Kafka As Deterritorializing Stream Function

Sometimes he accompanied her on her errands in the city, where everything had to be carried out in the utmost hurry. Then she would almost run to the next subway station, Karl with her bag in his hand, the journey went by in a flash, as if the train were being carried away without any resistance, already they were getting off, clattering up the stairs instead of waiting for the elevator that was too slow for them, the large squares from which the streets flowed out in a starburst emerged and brought a tumult of streamed lines of traffic from all sides, but Karl and Therese hurried, tightly together, to the different offices, cleaners, warehouses and stores which weren’t easy to contact by telephone in order to make orders or complaints, generally trivial things.

– Kafka, Amerika, Hofman trans.

“No one is better than Kafka at differentiating the two axes of the assemblage and making them function together,” say Deleuze and Guattari, and though they are referring to the Czech writer, it applies quite well to the open source distributed message queue too, even though the quote was written thirty years before its invention. Kafka in either form effects both decoupling of components and a disintegration of content.

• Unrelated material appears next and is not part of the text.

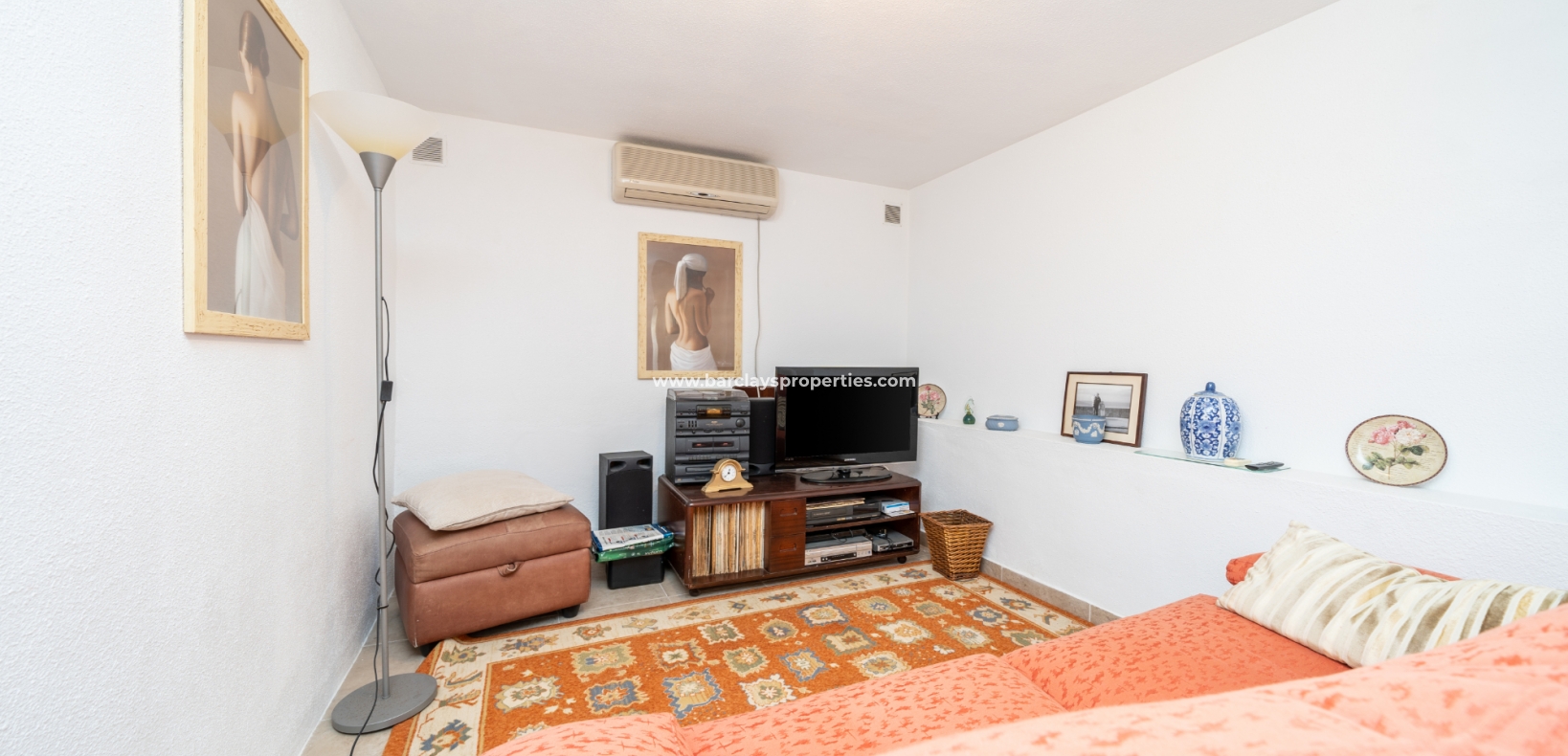 Wederverkoop - Vrijstaande Villa - Urb. La Marina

Models, formats and codes are first broken down, then made available to be reassembled in other ways.

I admit that when I first heard of it, naming an information processing system after a writer famous for depictions of absurd, violent and impenetrable bureaucracy did strike me as bold. It evokes The Departure (Der Aufbruch) as router documentation, or An Imperial Message (Eine kaiserliche Botschaft) as a Service Level Agreement. Perhaps we can think of the system developers as finally addressing Franz’s eloquent, frustrated, bug reports. Jay Kreps, the namer of Apache Kafka and one of the co-creators (with Narkhede and Rao), simply explains that he wanted his high performance message queue to be good at writing, so he named it after a favourite prolific writer. Fortunately complete publication and reading doesn’t also require the process dying of tuberculosis, followed by a decades-long legal case. Even if Kreps did have a deeper correspondence in mind, if I were forced to explain the name all the time, I might just smile and point at my Franz fridge magnet too.

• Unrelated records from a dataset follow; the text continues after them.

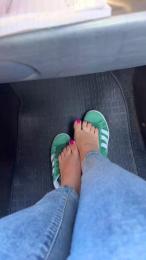 Moniafeet — modelo de webcam en línea en cam4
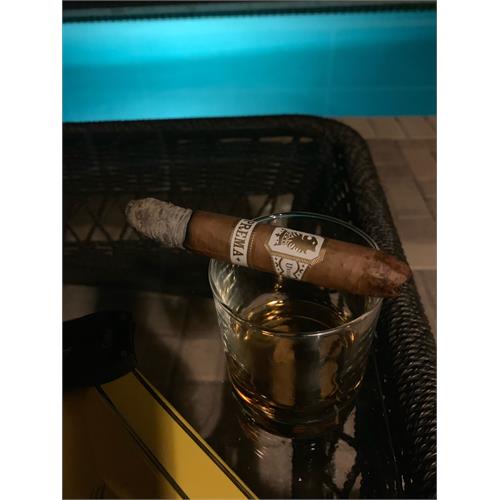 Liga Undercrown Connecticut Shade Limited Edition Suprema 6  * 50/54
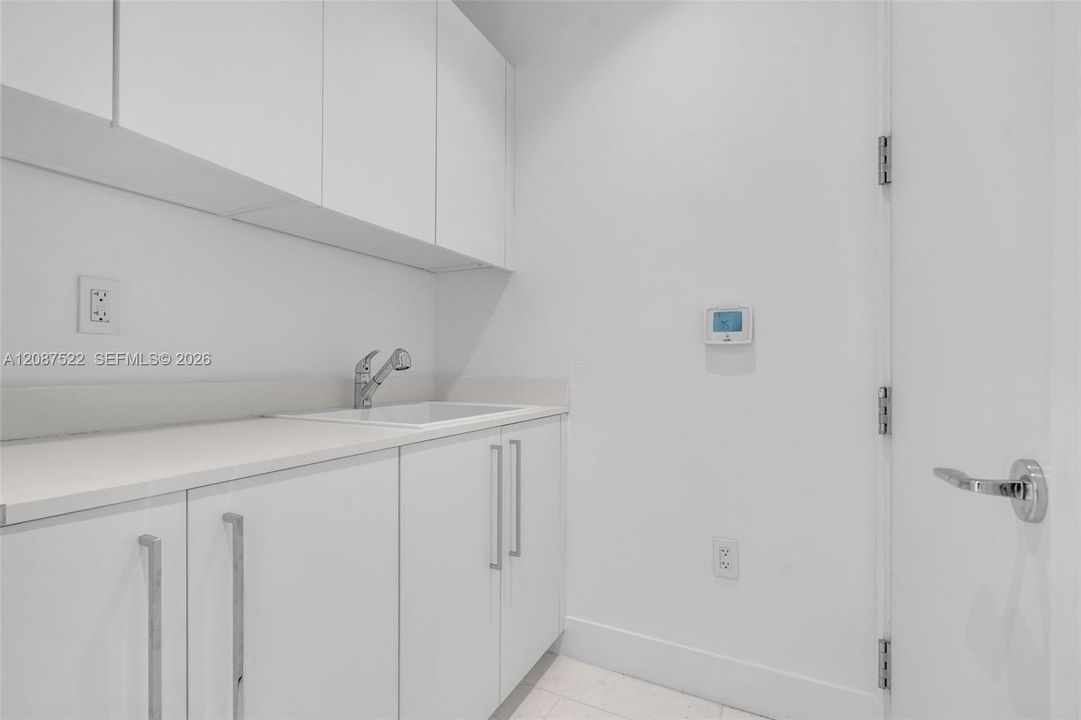 For Rent: $15,000 (2 beds, 2 baths, 1447 Square Feet)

The D/G quote is from the Postulates of Linguistics chapter, concerned with the way meaning is imposed on communicating agents and their intertwining systems.

On a first, horizontal, axis, an assemblage comprises two segments, one of content, one of expression. On the one hand it is a machinic assemblage of bodies, of actions and passions, an intermingling of bodies reacting to one another; on the other hand it is a collective assemblage of enunciation, of acts and statements, of incorporeal transformations attributed to bodies. Then on a vertical axis, the assemblage has both territorial sides, or reterritorialized sides, which stabilize it, and cutting edges of deterritorialization, which carry it away. No one is better than Kafka at differentiating the two axes of the assemblage and making them function together.

– Deleuze and Guattari, November 30, 1923: Postulates of Linguistics, A Thousand Plateaus

Deleuze and Guattari are secret pomo management consultants at heart, and as their dutiful intern I have accordingly expressed the great men’s vision as an Ansoff Matrix slide for distribution to valued stakeholders.

Compare this Jay Kreps slide from Strange Loop 2015, itself entirely representative of a million whiteboard sketches accompanying middleware everywhere:

For middleware, what D/G call the cutting edges of deterritorialization, we might call a payload codec. The data structure used within the producing process is disassembled, scrambled into a bucket of bytes, then carried away along a line of flight – in this case a Kafka topic. A Kafka topic is a transactional log, a persistent multi-reader queue where the removal policy is decoupled from reader delivery, and retention is instead controlled by time or storage space windows. (Blockchains are public transaction logs optimised for distributed consensus and no retention limit. Hence their inherent parliamentary slowness.) The consumer then uses its own codec to reterritorialize the data – making it intelligible according to its own data model, and within its own process boundary. Though nowadays the class signature of the messages may match (say both sides use the JVM and import the definition from the same library), at a bare minimum the relationship of those messages to other objects and functions within the process differs.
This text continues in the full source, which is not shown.